If you are streaming data from them, and you have control over such things, it helps if the data from each can be delivered on a separate I/O channel from the others. That is, separate disk, separate controller, as much as possible. With SAN technology you basically have to hope that distribution over channels is optimised.

Similarly, the disk where you put you hashed files should ideally not be being used for anything else at the time when you are accessing the hashed files. The Ascential software application directory (by which I assume you mean the DSEngine directory) is potentially being used to deliver message texts and executables; it is also where the NLS database and the SQL catalog for DataStage reside. None of these should be high impact when you are running jobs.

(Disk) Space - the Final Frontier

him121 · Post by **him121** » Mon Dec 27, 2004 1:44 am

thanx ray..
for nice expaination..

himanshu

chulett · Post by **chulett** » Mon Dec 27, 2004 8:06 am

A couple of additional thoughts...

Using hash files in your project, especially ones processing billions of records, increases your chances of filling up the disk where DataStage is installed. This is a Very Bad Thing and something to be avoided. For a Windows server, I would think it would be best to keep it on a drive separate from the Server install, not just in a directory outside the project.

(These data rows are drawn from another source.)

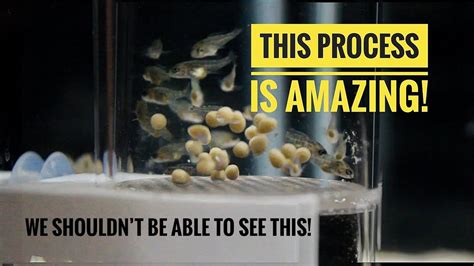 A Beautiful Process From Cichlid Eggs To Cichlid Fish In Days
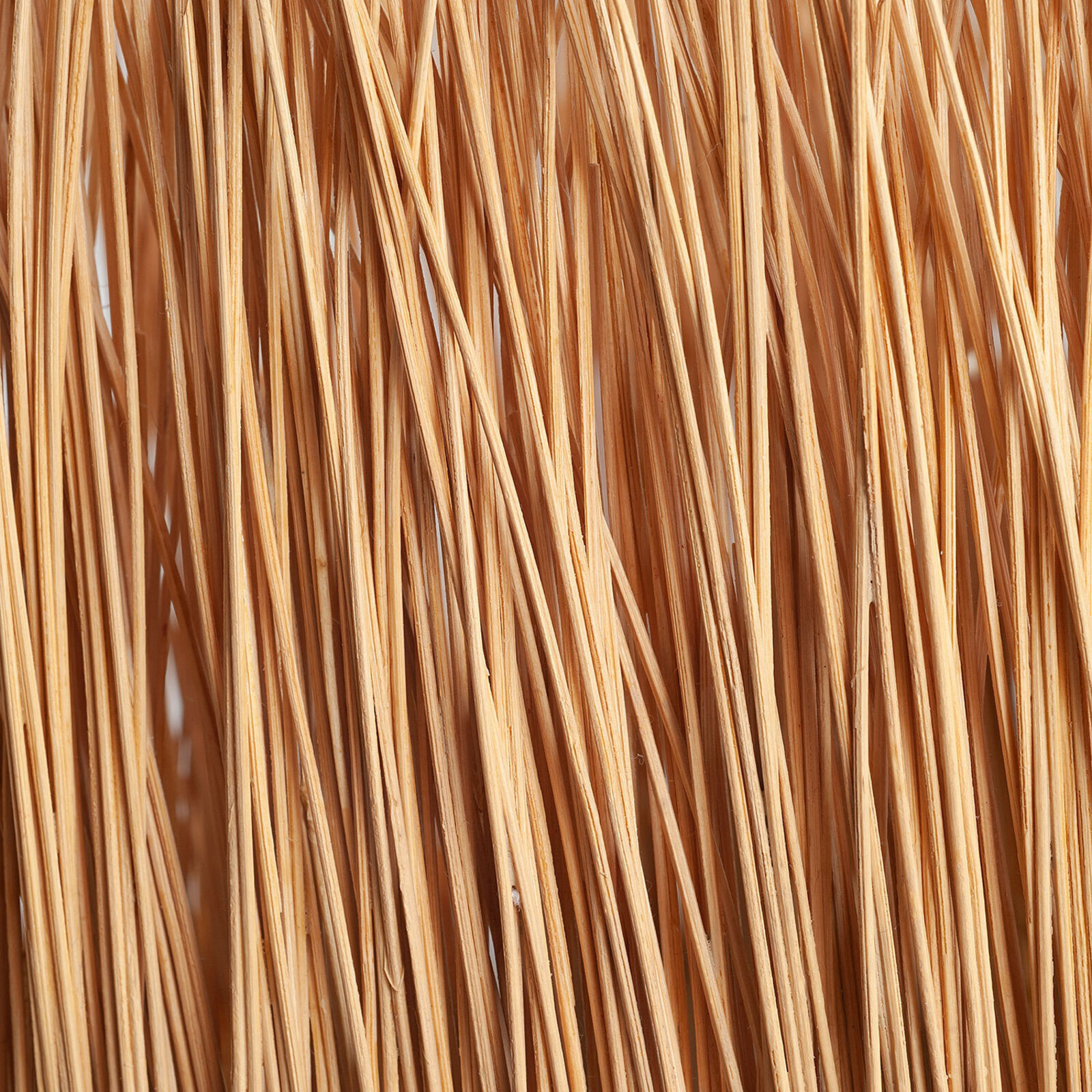 Tall Reed (2)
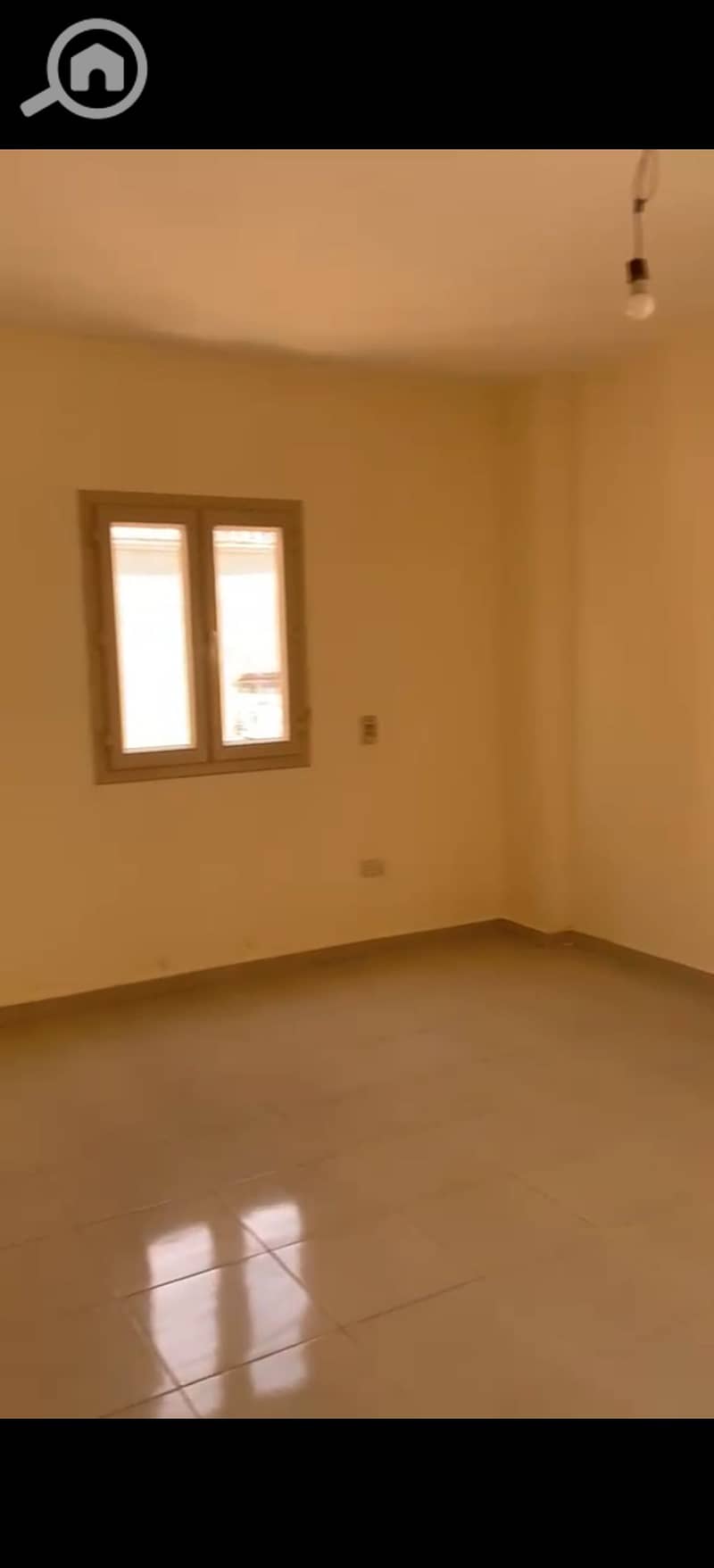 12 393445. jpg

Search the forum for the keywords "SETFILE OVERWRITING" for the syntax to create VOC records for your pathed hash files. This will allow you to treat them as if they were in your project directory (i.e. in an 'account') without them actually having to live there. There are quite a number of posts here on the subject, so the details around how it all works shouldn't be too hard to find.

chucksmith · Post by **chucksmith** » Mon Dec 27, 2004 12:03 pm

One more consideration. Reading hash files from routines means you can not take advantage of preloading a hash file into memory. For hash files that will fit into memory where only a single row is needed in the routine, I move the read back into the job, and just pass the column as a arguments to the routine. This increases speed and readability.

In the case where more than one row is needed from the hash file, consider denormalizing the hash file at build time. This puts your design back into the category of a single read.